La rentabilité du magasin ne dépendra pas uniquement de son emplacement. Dans la chaussure, une mauvaise gestion des achats peut dégrader la marge même lorsque le chiffre d’affaires paraît satisfaisant.

Transformer suffisamment de visiteurs en acheteurs

Nous viserons un taux de conversion proche de 24 % la première année, puis légèrement supérieur lorsque la boutique sera mieux connue et que l’assortiment aura été ajusté grâce aux premières données de vente.

Pour progresser, nous suivrons les entrées, les tickets, les ventes par vendeur et les motifs de non-achat observés en magasin. Une fréquentation élevée mais un faible taux de conversion peut révéler un problème de prix, de tailles disponibles, de gamme ou de qualité du conseil.

Protéger la marge en limitant les démarques tardives

Notre objectif n’est pas de vendre toutes les collections au prix fort. Les promotions font partie du modèle, notamment en fin de saison. En revanche, nous voulons éviter de découvrir trop tard qu’un volume important de stock ne se vend plus qu’avec une remise très forte.

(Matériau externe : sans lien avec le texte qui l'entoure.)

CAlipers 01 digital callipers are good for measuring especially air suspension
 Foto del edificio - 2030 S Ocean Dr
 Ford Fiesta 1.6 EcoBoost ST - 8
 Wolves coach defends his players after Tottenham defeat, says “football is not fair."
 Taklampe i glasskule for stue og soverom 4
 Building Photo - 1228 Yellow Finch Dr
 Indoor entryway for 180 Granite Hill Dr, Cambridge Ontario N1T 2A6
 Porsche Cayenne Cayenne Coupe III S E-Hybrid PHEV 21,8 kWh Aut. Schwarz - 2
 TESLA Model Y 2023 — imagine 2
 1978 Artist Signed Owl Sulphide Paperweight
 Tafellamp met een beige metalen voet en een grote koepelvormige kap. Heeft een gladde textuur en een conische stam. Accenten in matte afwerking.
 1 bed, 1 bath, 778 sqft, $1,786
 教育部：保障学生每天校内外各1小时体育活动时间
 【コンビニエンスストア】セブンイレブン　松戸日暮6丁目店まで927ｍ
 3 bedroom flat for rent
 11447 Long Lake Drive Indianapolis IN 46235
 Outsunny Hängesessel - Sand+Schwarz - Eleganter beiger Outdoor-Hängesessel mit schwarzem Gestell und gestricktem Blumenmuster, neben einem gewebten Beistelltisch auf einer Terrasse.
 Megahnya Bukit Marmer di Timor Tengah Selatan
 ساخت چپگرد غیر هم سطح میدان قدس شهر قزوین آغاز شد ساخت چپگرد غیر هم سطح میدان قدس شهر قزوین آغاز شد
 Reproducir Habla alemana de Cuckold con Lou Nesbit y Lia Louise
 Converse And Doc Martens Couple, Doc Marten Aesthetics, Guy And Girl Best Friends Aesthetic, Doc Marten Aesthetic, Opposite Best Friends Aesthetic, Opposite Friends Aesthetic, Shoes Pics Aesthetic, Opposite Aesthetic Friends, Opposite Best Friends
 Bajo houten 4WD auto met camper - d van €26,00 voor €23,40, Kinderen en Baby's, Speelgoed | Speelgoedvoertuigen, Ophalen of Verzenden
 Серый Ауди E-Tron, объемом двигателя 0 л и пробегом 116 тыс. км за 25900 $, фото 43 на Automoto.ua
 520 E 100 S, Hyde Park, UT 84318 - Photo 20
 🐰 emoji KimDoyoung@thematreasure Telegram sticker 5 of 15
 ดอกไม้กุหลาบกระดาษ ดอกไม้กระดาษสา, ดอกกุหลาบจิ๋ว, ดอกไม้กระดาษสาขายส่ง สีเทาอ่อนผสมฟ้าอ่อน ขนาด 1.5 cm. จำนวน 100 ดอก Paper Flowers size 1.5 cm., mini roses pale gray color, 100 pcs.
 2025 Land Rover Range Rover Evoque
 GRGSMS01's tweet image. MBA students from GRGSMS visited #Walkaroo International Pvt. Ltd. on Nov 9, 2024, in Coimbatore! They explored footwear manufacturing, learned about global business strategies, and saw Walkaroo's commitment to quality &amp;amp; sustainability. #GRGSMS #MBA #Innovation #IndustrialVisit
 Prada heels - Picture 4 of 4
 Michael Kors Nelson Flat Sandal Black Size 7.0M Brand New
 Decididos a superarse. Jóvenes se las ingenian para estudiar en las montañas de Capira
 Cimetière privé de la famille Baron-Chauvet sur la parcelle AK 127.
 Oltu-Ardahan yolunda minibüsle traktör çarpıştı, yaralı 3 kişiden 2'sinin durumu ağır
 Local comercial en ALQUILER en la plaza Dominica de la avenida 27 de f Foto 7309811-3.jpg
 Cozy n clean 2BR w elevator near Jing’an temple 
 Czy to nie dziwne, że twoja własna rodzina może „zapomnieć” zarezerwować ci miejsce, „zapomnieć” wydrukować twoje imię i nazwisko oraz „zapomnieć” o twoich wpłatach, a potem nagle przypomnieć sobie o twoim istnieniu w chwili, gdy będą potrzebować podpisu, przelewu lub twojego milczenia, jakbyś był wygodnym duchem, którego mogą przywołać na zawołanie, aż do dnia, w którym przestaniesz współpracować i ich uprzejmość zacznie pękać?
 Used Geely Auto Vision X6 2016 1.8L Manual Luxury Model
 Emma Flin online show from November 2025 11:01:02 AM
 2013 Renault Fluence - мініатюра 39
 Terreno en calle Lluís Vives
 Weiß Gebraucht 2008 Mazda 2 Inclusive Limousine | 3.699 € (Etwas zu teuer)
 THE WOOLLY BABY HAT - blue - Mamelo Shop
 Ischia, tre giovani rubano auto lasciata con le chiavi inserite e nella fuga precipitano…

Nous analyserons donc rapidement les références lentes. Une réduction modérée appliquée assez tôt peut parfois être plus rentable qu’une remise de 50 % plusieurs mois plus tard, après avoir immobilisé le stock et utilisé de l’espace en réserve.

Acheter les bonnes quantités et pas seulement les bons modèles

Un acheteur peut avoir raison sur le produit et se tromper sur le volume.

Nous fixerons pour chaque collection un budget d’achat par catégorie et par fournisseur. Les commandes seront suivies en valeur, en nombre de paires et en couverture de stock afin d’éviter qu’une saison particulièrement attractive pousse à commander au-delà de la capacité réelle du magasin.

Faire tourner le stock suffisamment vite

Nous visons une rotation d’environ deux fois le stock moyen au coût d’achat la première année, puis une amélioration progressive à mesure que les achats seront mieux calibrés.

Une rotation trop lente consommerait de la trésorerie et augmenterait les démarques. Une rotation trop rapide avec trop peu de stock créerait au contraire des ruptures fréquentes. Notre objectif est donc de trouver un équilibre entre choix, profondeur de tailles et vitesse d’écoulement.

Ce qu’un financeur regardera derrière le chiffre d’affaires

Dans la chaussure, deux magasins réalisant le même chiffre d’affaires peuvent avoir des résultats très différents selon leur taux de marge, leur démarque et la vitesse de rotation du stock. Il est donc essentiel de montrer que nous suivrons autant la qualité du stock que le volume des ventes. C’est une logique que nous développons également dans notre pack complet pour un magasin de chaussures.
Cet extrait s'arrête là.